_EXERCISE OBJECTIVE_. Of the lines in the material below, print only those from the one containing "13 Ribbonwood Close LARGS 18" to the one containing "un grand nombre", ends included, exactly as written and without pictures.

_RECORDS FOR THE EXERCISE_.

*** Block opens ***

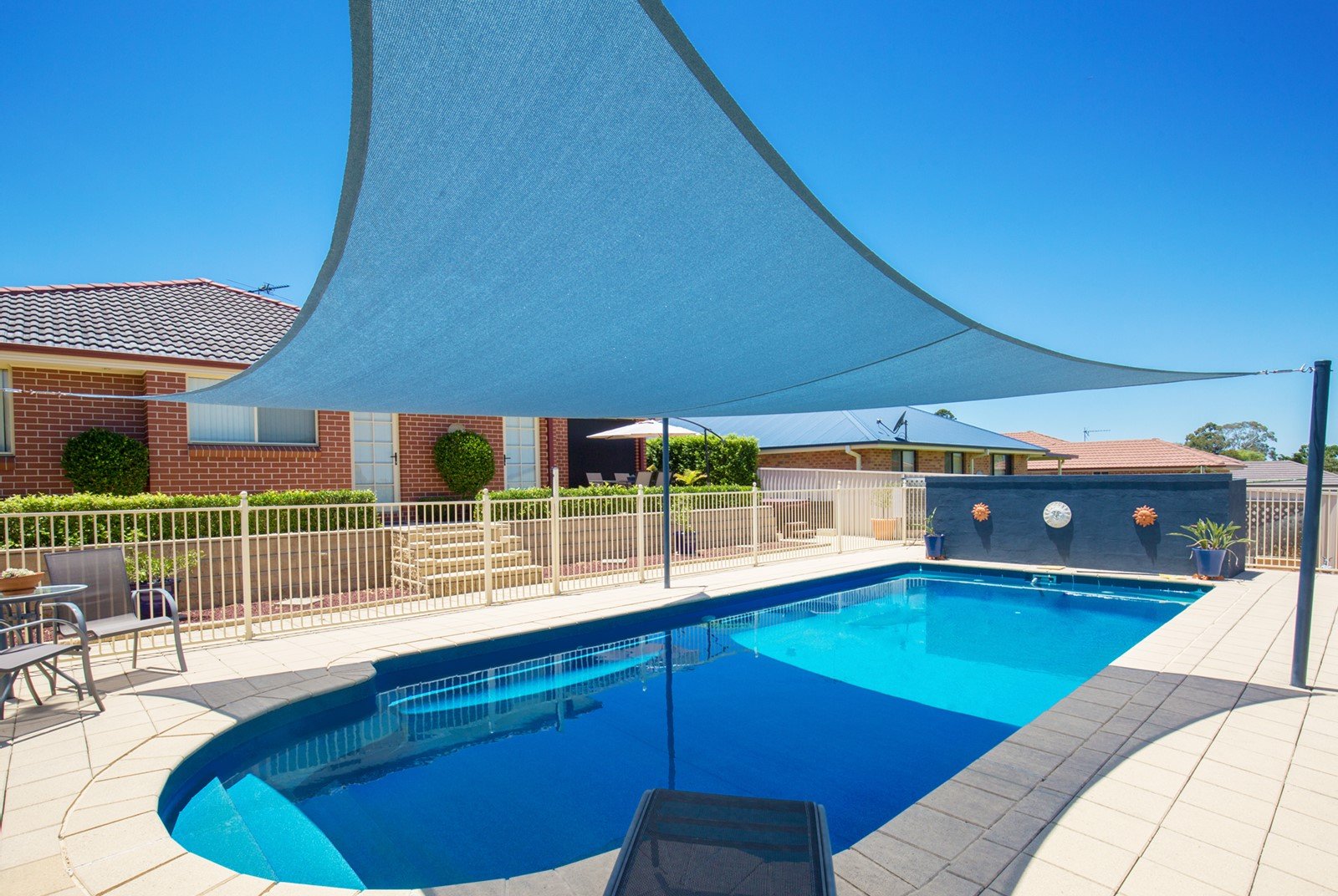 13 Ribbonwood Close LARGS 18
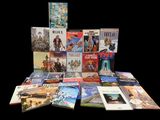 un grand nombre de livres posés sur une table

*** Block closes ***
*** Block opens ***

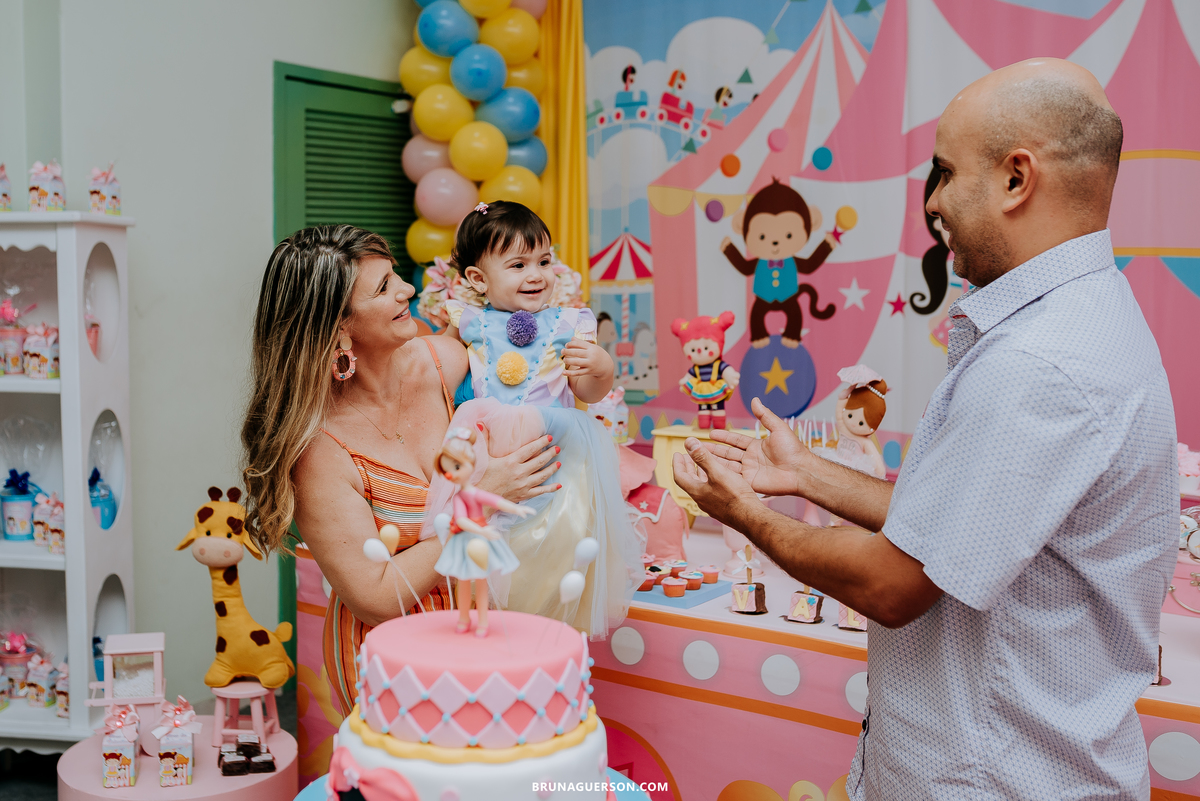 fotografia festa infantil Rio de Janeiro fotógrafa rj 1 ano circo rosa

*** Block closes ***
*** Block opens ***

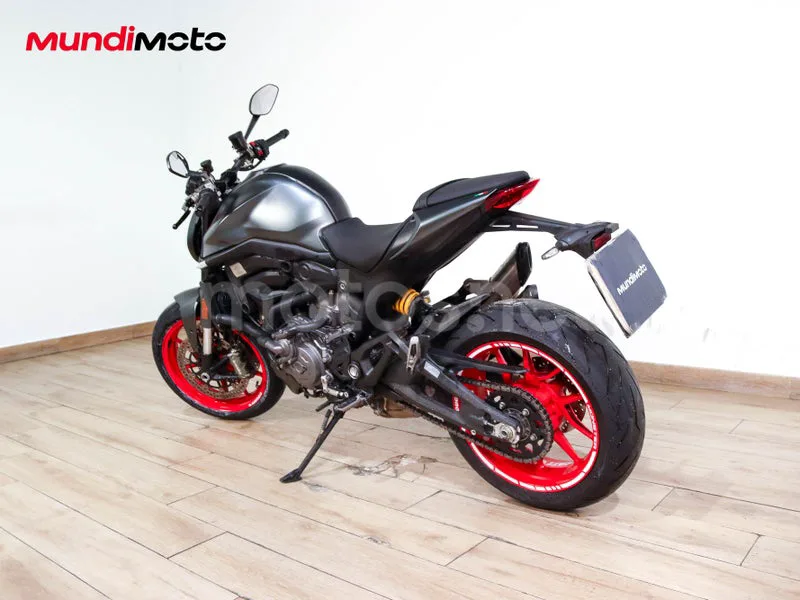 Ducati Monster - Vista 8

*** Block closes ***

_RESULT BELOW_.
 13 Ribbonwood Close LARGS 18
 un grand nombre de livres posés sur une table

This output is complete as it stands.